The pull-over-push pattern mitigates reentrancy by shifting the risk of external calls. Instead of a contract "pushing" funds to users (an active external call), users "pull" their owed funds from the contract in a separate transaction.

• Mechanism: Store a record of a user's entitlement (e.g., withdrawableBalance[user]). Let the user call a withdraw() function to claim it.
• Benefit: The vulnerable external call is initiated by the user, not the core contract logic, removing the reentrancy window from critical state-update functions.
• Use Case: Preferred for batch operations or payments to untrusted addresses.

Preventing cross-function reentrancy requires careful design to isolate state variables or ensure their updates are atomic across related functions. Functions that share critical state must be protected as a group.

• Risk: A transferFrom() function that shares a balances mapping with mint() is vulnerable if mint is called reentrantly before transferFrom updates the state.
• Mitigation: Apply a reentrancy guard to all functions that read/write the same sensitive state, or refactor to use the CEI pattern rigorously in each.
• Audit Focus: Mappings and global variables are common attack surfaces for this vulnerability.

The 2016 attack on The DAO is the canonical example of reentrancy, demonstrating both single and cross-function variants. The vulnerable splitDAO function performed an external call to send Ether before updating the attacker's internal token balance.

• Cross-Function Vector: The reentrant call was made to the withdrawRewardFor function, which relied on the same, not-yet-updated balance state.
• Impact: This allowed the attacker to repeatedly drain funds, leading to a loss of 3.6M ETH and the Ethereum network's contentious hard fork.
• Legacy: This event directly led to the standardization of the CEI pattern and reentrancy guards as fundamental security practices.

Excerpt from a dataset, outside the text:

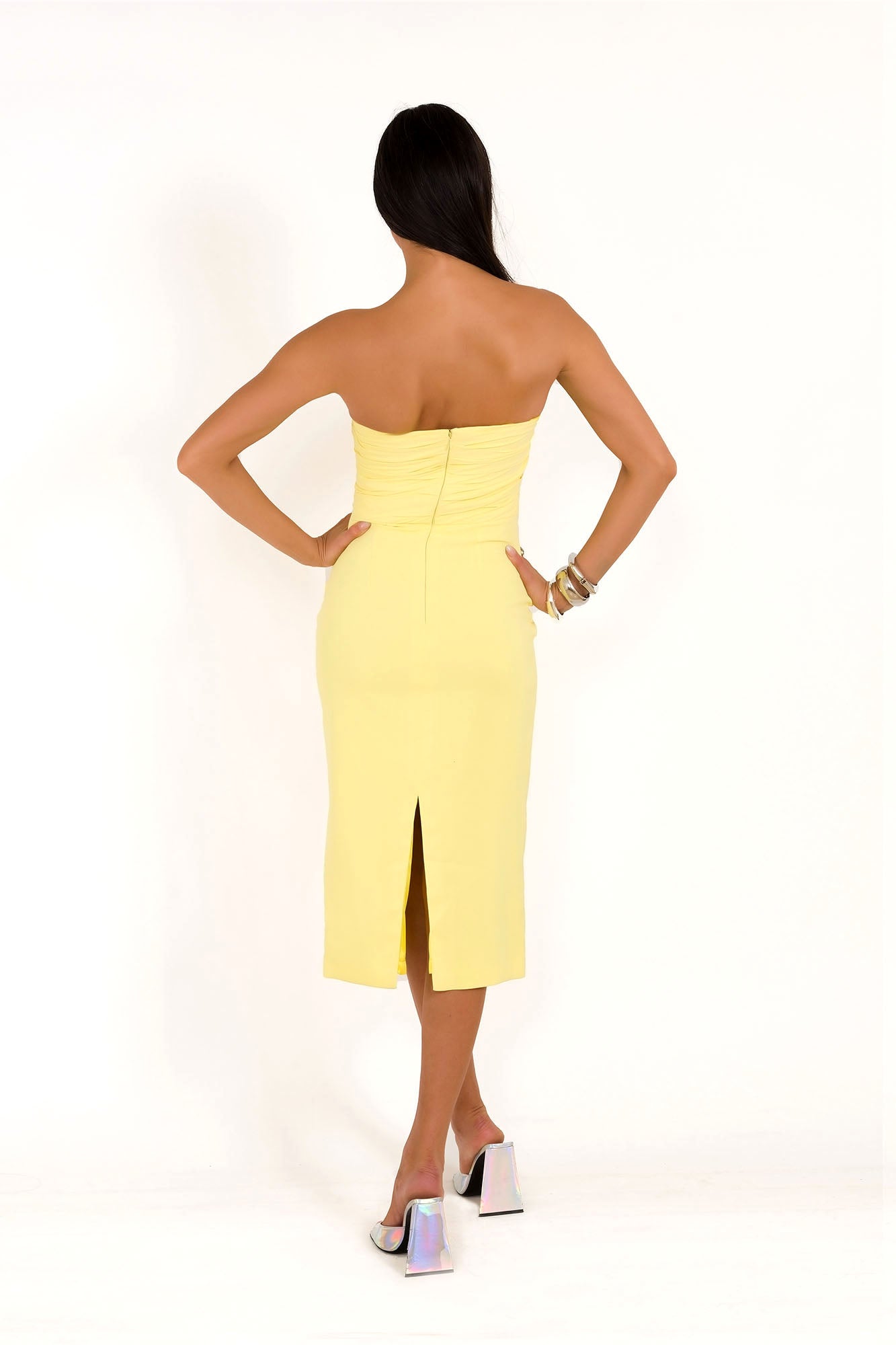 Amber Glow Midi Dress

A fundamental secure development practice that dictates the order of operations within a function to mitigate reentrancy risk.

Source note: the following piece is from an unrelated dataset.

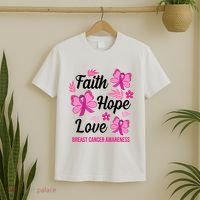 Faith Hope Love Breast Cancer Awareness T-Shirt thumb 2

• Checks: Validate all conditions and inputs (e.g., balances, permissions).
• Effects: Perform all state updates before any external call (e.g., deducting balances, updating counters).
• Interactions: Make external calls to other contracts last. This pattern prevents an attacker's callback from interacting with an inconsistent intermediate state, which is the root cause of cross-function reentrancy.

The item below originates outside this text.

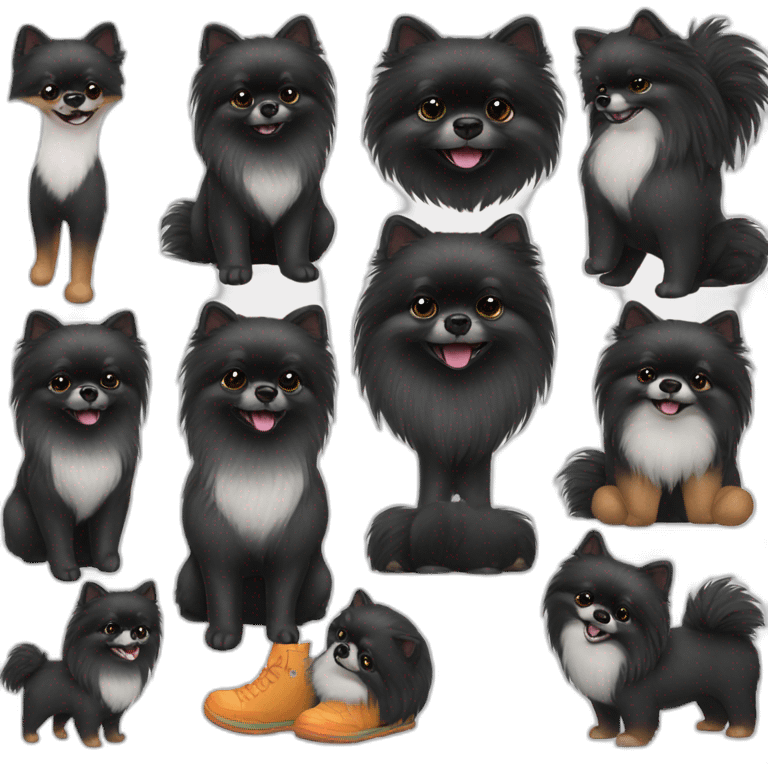 Black Pomeranian that is wearing pants and crocs emoji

The classic form of reentrancy attack, where a malicious contract re-enters the same function it is currently executing. This is typically prevented by a simple reentrancy guard. Cross-function reentrancy is a more subtle variant where the callback targets a different function in the same victim contract that shares state with the initially called function.

Data permanently stored in a smart contract. Cross-function reentrancy exploits the manipulation of shared state variables between multiple functions. For example, an attacker might call Function A, which makes an external call. The malicious callback then invokes Function B, which reads a state variable that Function A has not yet finalized updating (e.g., a user's balance). Understanding and managing state dependencies is key to prevention.

The most famous real-world example of a reentrancy attack, which led to the loss of 3.6 million ETH and the Ethereum hard fork. While not exclusively cross-function, it demonstrated the catastrophic impact of violating the Checks-Effects-Interactions pattern. The attacker's contract recursively called the vulnerable splitDAO function before the victim's internal balance was updated, allowing repeated withdrawals.